When looking into the percentage change from baseline, the median percentage change in cortisol was 58.2% [40.6, 85.7] after DDAVP and 82.3% [44.1, 110.0] after oCRH stimulation (p = 0.21), while the median percentage change in ACTH was 122% [53.5, 206.0] and 188.0% [117.0, 342.0] after DDAVP and oCRH stimulation respectively (p = 0.037, Fig. 2).

Fig. 2

figure 2

Group comparison of cortisol and ACTH levels in response to desmopressin (DDAVP) and ovine corticotropin-releasing hormone (oCRH) stimulation in pediatric Cushing’s disease. Percentage change from baseline in cortisol (A) and ACTH (B) levels following peripheral stimulation. Central:Peripheral (C:P) ACTH ratios at baseline (C) and post-stimulation (D) during bilateral inferior petrosal sinus sampling (BIPSS). Box plots display medians, interquartile ranges, and 1.5× IQR whiskers. Dashed lines represent diagnostic thresholds

In the BIPSS stimulation test, the repeated measures analysis noted that in both groups there was significant effect of time (p < 0.001), but group and time-by-group interaction did not differ (p > 0.05), suggesting that overall, there was a similar change of the C:P ACTH ratios between the two groups post-stimulation (Fig. 1). AUCs for C:P ratios did not reach statistical significance between the two groups (p = 0.21). Peak ratios occurred more frequently at 3 min post-stimulation in both groups. Baseline C:P ACTH ratios were similar between the two groups (5.6 [2.1, 10.6] in the DDAVP group vs. 7.5 [4.2, 20.2] in the CRH group, p = 0.20) and the maximum C:P ratios post-stimulation remained similar (17.1 [8.9, 22.1] in the DDAVP group vs. 18.5 [12.3, 65.4] in the CRH group, p = 0.37, Fig. 2).

Sensitivity analysis

Using the diagnostic thresholds specified above for the peripheral stimulation test, sensitivity in the DDAVP group was 96.9% for cortisol and 81.3% for ACTH. In comparison, the CRH group showed 93.8% sensitivity for cortisol and higher sensitivity for ACTH (96.9%, Fig. 3), which however did not differ statistically between the two groups (p > 0.05).

Fig. 3

figure 3

Sensitivity of desmopressin (DDAVP) and ovine corticotropin-releasing hormone (oCRH) stimulation tests in pediatric Cushing’s disease. Sensitivity for cortisol and ACTH results in the peripheral stimulation test (A); and the Central:Peripheral (C:P) ACTH ratio in bilateral inferior petrosal sinus sampling (B)

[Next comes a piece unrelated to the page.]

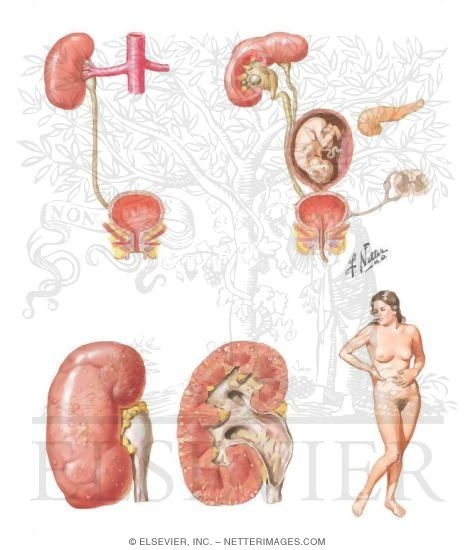 Pyelonephritis and constipation image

Eight patients (12.5%) had a false negative response in either cortisol (range of percentage change of cortisol from baseline: 1–13%) or ACTH (range of percentage change of ACTH from baseline: −31-30%). Of these, six patients underwent DDAVP and two patients had oCRH stimulation test. Only two patients had inadequate response in both cortisol and ACTH and would have been misclassified (one in each of the DDAVP and CRH groups). Of the seven patients with false negative stimulation tests, only one was documented to have a hemolyzed blood sample. All patients who underwent DDAVP stimulation had an ACTH response of > 19%.

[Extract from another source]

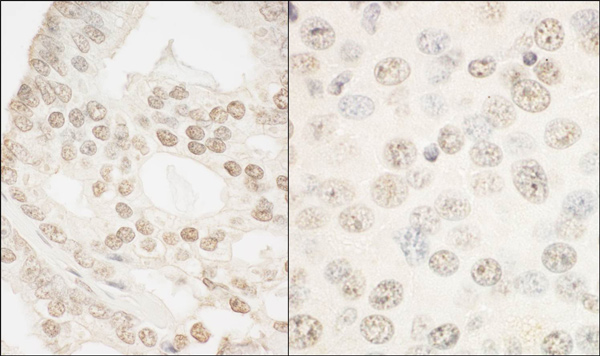 Immunohistochemistry (Formalin/PFA-fixed paraffin-embedded sections) - Anti-FOXP1 antibody (AB93807)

In the BIPSS analysis, using the thresholds above, sensitivity was 73.3% and 93.3% in the DDAVP and CRH group respectively (p = 0.33) for the baseline ratios, and 80% and 100% in for the stimulated ratios (p = 0.22, Fig. 3). Five (5) patients showed an inadequate response at baseline and three of them also had a false low response post-stimulation. All three of the patients who failed both the baseline and the post-stimulation cutoffs, and who would have been misclassified as possible ectopic CS, were in the DDAVP group and were previously described in a study of negative BIPSS results [13]. Two of these three patients were noted on venograms to have poorly developed inferior petrosal veins that suggested BIPSS might not yield reliable results.

Side effects

Overall patients tolerated the procedures without significant adverse events or complications. One patient in the CRH group reported mild headache, which resolved spontaneously within a few hours. No episodes of hyponatremia or venous thrombosis were recorded.

Discussion

The diagnostic workup of CS can be challenging and complex involving many baseline and dynamic tests. Especially in the pediatric population, the rarity of the disease makes the diagnostic process more difficult. We herein present the DDAVP stimulation test in pediatric patients with CD. We report the performance of the test which although lower than oCRH, still yields sufficient sensitivity overall without significant side effects.

DDAVP stimulation test is used for the differential diagnosis of pituitary versus ectopic sources of hypercortisolemia in ACTH-dependent CS. Although rare in children, infrequent cases of ectopic pediatric CS have been reported, some of which have led to devastating results, even death [21718]. In a recent study on a non-invasive approach to differential diagnosis of ACTH-dependent CS, Frete et al. incorporated the CRH or DDAVP stimulation test in their diagnostic algorithm [12]. We have also recently described that in our cohort, pediatric patients with positive high dose dexamethasone suppression test and peripheral CRH or DDAVP stimulation test consistent with pituitary source ended up having CD irrespective of the MRI findings [2]. This could suggest that in this population, especially when IPSS would delay evaluation or is not available, DDAVP stimulation test can assist in important decisions for the management of the patient. The sensitivity of DDAVP test was lower than that of CRH for the diagnosis of CD. Similar findings were noted in a metanalysis by Ceccato et al., where CRH showed higher sensitivity than DDAVP [19]. In the absence of oCRH in some countries, DDAVP remains a safe and effective alternative for this patient population.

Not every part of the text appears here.